Are you restless like me?

Jenna's former blog. It will still be here, but she will not be here.

2/24/2005

 
I was being stupid and I told Crystal that some of the assholes guys in my shop class were talking shit about her. They were, but there's nothing she could do about it so I shouldn't have told her. But anyway, Susan asked if I said anything to them and I said no. I wanted to, but all I could think of was "shut up dumbass" and I didn't think that'd go over real well. Then Susan continued to say what she "would have said" if it had been her. Right. I seem to remember that less than a year ago a certain Ryan Burns called Tasha, April, Janelle, and I dikes in art, right in front of Susan, and she sat there. And this wasn't a class full of guys she didn't know. She had friends in that class, and she knew Ryan. Yet she expects me to mouth off to a bunch of older guys that I barely even know the names of. The same guys that I have to ask for help from and see everyday.

Yeah, hypocrisy pisses me off too.

I wish I had said something along the lines of, "Shut the hell up, you guys don't even know her." Granted, that's not the best line ever, but continue.
To which one probably would have responded, "I've known her since 7th grade."
The I would have retorted, "She's been one of my best friends since 2nd grade and she's one of the nicest people you'll ever meet, but you're too stupid for her to care about."
And I assume there would be mumbles and some Oh's and such, and Bower would probably step in about there and tell the guys that Crystal's a sweet girl and if they keep talking they'll get sentences.

Or, I wish I had brought up the Ryan incident to Susan after she said that stuff so she would have realized her own cowardice and maybe apologized.

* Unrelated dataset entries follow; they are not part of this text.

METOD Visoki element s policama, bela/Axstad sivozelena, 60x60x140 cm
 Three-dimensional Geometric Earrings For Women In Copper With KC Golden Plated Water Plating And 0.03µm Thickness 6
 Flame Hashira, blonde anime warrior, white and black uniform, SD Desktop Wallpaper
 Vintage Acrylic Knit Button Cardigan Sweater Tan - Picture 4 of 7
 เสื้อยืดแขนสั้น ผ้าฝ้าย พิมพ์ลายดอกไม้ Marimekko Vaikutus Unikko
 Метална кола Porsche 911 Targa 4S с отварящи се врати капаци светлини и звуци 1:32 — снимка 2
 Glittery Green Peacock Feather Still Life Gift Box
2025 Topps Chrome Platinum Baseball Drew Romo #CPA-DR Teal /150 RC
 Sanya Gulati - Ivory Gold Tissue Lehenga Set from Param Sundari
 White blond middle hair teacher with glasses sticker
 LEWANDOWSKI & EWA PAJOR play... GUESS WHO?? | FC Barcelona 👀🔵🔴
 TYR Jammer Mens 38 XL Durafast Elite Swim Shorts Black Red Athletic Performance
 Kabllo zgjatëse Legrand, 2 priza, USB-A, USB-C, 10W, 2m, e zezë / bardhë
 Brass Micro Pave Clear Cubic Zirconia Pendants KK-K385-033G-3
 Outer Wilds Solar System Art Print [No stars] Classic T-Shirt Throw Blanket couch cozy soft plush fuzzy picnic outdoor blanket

Alas, I always think of the right (or close to the right) thing to say hours after the moment has passed. Maybe that's why I like writing and communicating through email/aim/comment boxes; there's more time to think about what you want to say and how to word it right. Then again, I do like to talk in person, but usually those conversations advance differently than written ones. Anyone see where I'm going with this? I can't really explain any further, it's late and I need to sleep.

Comments:
I hate it whenever I think of the perfect thing to say but the moment has passed. Luckily, I don't have too many of those.. nor do I have any real regrets.

I prefer talking to people in real life, actually. Sometimes peolpe get caught up when they're behind the computer or something. Or are just a little too slow typing.

Hmmm... I've heard that Crystal is pretty nice. But I don't think I'll ever know that for myself really. She glares at me like I'm a complete asshole. Especially when I said that I was glad that Anne Frank dies. Maybe.. eventually I'll talk to her? Because we're in the same homeroom. Not too sure.. but alright.